In 2016, I undertook a BSc in Economics at Lancaster University. I graduated in 2019 and took a year out to save for a MSc. One year later, I began my MSc in Data Science back at Lancaster. I graduated in 2021 with a distinction, averaging 79% in my final grade. The masters course taught a range of topics and offered 3 pathways, I took the business intelligence pathway. Some of the key modules I studied are described below.

Statistical Learning - This module was the most important from a Data Science perspective. It was taught in my final term and it involved advanced statistical methods. The final project involved creating classifiers using XGBoost and regularized logistic regression which would take an image of a lung scan as the input, the models would then predict if this scan is covid positive or negative.
Statistical methods and modelling - This module supplied the framework for machine learning models, we studied regression in depth. The course was assessed through a group project where we had to create a regression model that predicted someones weight, given other factors
Intro to intelligent data analysis (data mining) - This was my first exposure to machine learning within Python. The module taught me about the CRISP-DM process from start to finish. There was a particular focus on data preparation, including Prinicpal Component Analysis (PCA). The final assessment involved clustering weather data (k-means, mean shift and hierarchical) and then classifying new data into one of these clusters (k-nearest neighbour and Bayes).

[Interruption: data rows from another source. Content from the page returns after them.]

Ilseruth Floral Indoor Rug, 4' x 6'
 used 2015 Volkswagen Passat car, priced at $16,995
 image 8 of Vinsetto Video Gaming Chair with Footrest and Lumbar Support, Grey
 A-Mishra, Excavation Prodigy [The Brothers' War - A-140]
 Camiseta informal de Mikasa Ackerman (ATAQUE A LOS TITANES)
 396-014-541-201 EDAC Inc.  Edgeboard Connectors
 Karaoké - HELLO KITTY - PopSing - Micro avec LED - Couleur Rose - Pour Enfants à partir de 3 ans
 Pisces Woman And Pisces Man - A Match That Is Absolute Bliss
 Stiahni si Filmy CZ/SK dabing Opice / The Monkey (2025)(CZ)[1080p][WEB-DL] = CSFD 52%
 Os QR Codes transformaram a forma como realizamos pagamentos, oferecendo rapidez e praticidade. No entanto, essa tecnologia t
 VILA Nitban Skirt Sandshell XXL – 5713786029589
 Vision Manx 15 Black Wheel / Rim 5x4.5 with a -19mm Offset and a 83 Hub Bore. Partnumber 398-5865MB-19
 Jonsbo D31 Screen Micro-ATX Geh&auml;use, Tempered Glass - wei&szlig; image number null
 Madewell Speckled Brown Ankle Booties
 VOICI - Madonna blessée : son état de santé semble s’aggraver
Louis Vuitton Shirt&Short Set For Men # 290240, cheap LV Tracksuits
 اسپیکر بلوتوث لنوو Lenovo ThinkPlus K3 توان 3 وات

Programming for data scientists - This module was a personal favourite of mine, it gave me the opportunity to upgrade my Python and R skills. Every week I was set a programming challenge that inlcuded tasks like recursion, developing a decision tree which maximises entropy and list manipulation (pop etc.).
Forecasting - Another favourite module of mine, this focused on business forecasting in R. Two methods were focused on, (S)ARIMA and exponential smoothing. I was tasked with forecasting withdrawals from cashpoints around the UK.